2. Bring a whistle or other sound signaling device; a tow rope; and flares in a watertight container if you’ll be on a large body of water.
3. If you plan to do any serious wave jumping, wear a helmet. A mountain bike helmet or motocross helmet will work. A fiberglass jet ski falling on your head can do a lot of damage.
4. Goggles can help protect your eyes from salt water spray.
5. Gloves can help protect your hands, but gloves that are too thick can cause finger cramps.
6. Don’t ever drink alcohol while operating a personal watercraft.
7. Practice operating your jet ski in open water under supervision. Read the manufacturers manual so you know how to properly operate your vehicle.
8. Check the weather forecast before you go out. Know when high and low tide will be.
9. Don’t jet ski alone in the open sea. Bring a buddy with you.
10.Know how to swim!
11.Shut off the engine before cleaning debris away from the pump intake.
12.If your jet ski should turn over, there should be a sticker on the bottom to remind you which way to roll it back over. Rolling the wrong way can let water into the engine.
13.Watch for boats and other watercraft at all times.

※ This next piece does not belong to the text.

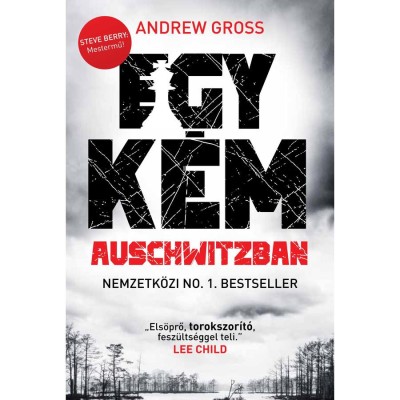 Egy k&amp;eacute;m Auschwitzban - Andrew Gross foto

14.Wake jumping and riding too close are two common complaints boaters have about jet skis. Be considerate of other watercraft!
15.Share waterways responsibly.
Other Useful Tips
1. Don’t beach your jet ski. This is bad for the impeller and cooling system.
2. If you’re going to take a break, anchor your jet ski in about four feet of water.
3. Be careful around floating debris like seaweed.
4. Riding standing up can help prevent sore bottoms and help you feel more in control when riding in heavy chop.
5. Don’t ride too close to the shoreline where swimmers are in the water. Some beaches actually issue tickets for this!
6. Wave height and jet ski speed determine how much air you’ll get when wave jumping. Practice on small waves to get the feel of your jet ski leaving the water and landing. Ride straight up the face of the wave. Try not to land nose-first.
7. Know the approximate depth of the water where you are jumping, and make sure it is at least six feet deep. You can hit the ocean floor in water that is too shallow, damaging your jet ski.